Immediately after the screening, there was a panel on what’s happening in the film and in Israel. Ahmed Fouad Al Khatib, a Palestinian peace activist originally from Gaza and now living in the United States, has lost multiple family members in the current Israel-Hamas war and said that he was pulled in different directions after the war broke out. However, he said, it’s possible to feel sadness for what happened to his home and people in Gaza and still feel empathy for the Israeli victims. One doesn’t go at the expense of the other.

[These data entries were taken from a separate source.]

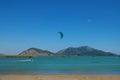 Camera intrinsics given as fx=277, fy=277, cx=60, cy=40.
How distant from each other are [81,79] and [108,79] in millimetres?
2237

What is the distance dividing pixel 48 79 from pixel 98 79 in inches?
146

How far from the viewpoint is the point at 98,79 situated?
20562mm

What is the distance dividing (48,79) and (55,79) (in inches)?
20.1

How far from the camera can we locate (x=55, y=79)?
66.2 feet

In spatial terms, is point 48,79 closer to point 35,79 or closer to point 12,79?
point 35,79

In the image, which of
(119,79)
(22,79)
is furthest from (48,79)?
(119,79)

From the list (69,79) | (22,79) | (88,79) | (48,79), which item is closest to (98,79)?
(88,79)

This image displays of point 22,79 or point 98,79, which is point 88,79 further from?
point 22,79

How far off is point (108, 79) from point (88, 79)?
5.62 ft

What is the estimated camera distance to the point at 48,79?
792 inches

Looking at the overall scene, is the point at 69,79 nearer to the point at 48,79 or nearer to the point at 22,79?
the point at 48,79

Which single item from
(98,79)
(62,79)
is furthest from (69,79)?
(98,79)

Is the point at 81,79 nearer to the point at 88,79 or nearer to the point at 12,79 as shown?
the point at 88,79

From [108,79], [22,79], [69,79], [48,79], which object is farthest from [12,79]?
[108,79] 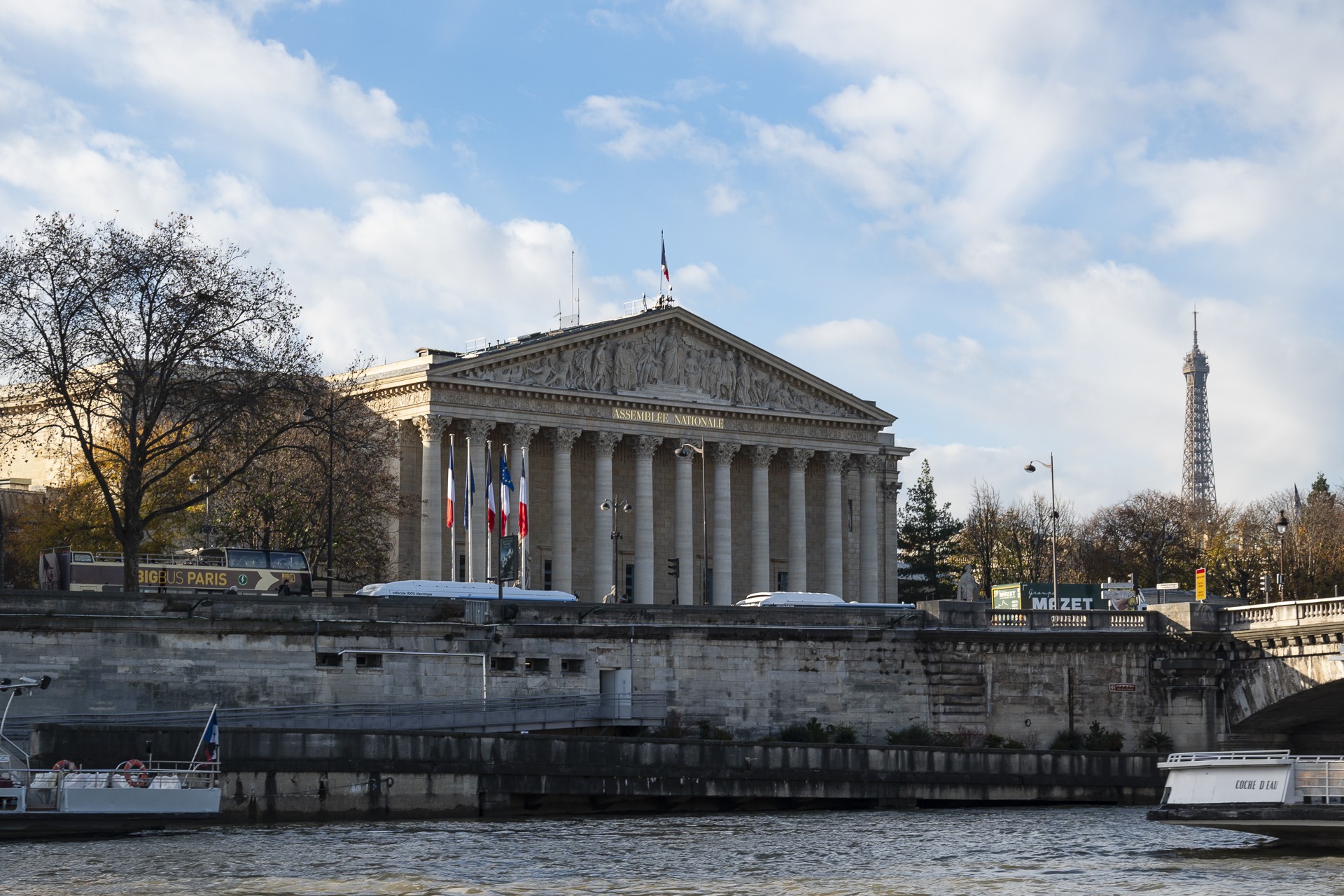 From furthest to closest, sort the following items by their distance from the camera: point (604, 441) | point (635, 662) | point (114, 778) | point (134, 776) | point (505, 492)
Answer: point (604, 441), point (505, 492), point (635, 662), point (134, 776), point (114, 778)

“I talked to Palestinians one-on-one who confided in me how they’re absolutely horrified by the taking of women and children as hostages,” he said. “There are many in Gaza and throughout the Palestinian territories and the diaspora, who despise Hamas and are against them, but they are fragmented, they are afraid, and unable to speak out … my hope is to create a new political home where you can be supportive of our people’s aspirations for independence, peace, and statehood while also being against Hamas.”
Roz Rothstein, co-founder and CEO StandWithUs, and one of the eight panelists, said: “Israelis were massacred, tortured, raped and kidnapped by Hamas invaders on Oct. 7. Unfortunately, the world doesn’t quite understand the gravity of what Israel is going through in this tragic moment. This important film helps bring more understanding to the unfathomable suffering we are witnessing in Israel.”
Other participants at the panel were: Heidi Basch-Harod, executive director, Women’s Voices Now, Dr. Caroline Heldman, executive director, The Representation Project, and Dr. Steven E. Zipperstein, senior scholar at UCLA Center for Middle East Development. The event was produced with the support of Justice for Women International, Women’s Voices Now, Steve Tisch, Saban Theatre, Rabbi Baron of Temple of the Arts and StandWithUs.
“Screams Before Silence” is available on YouTube.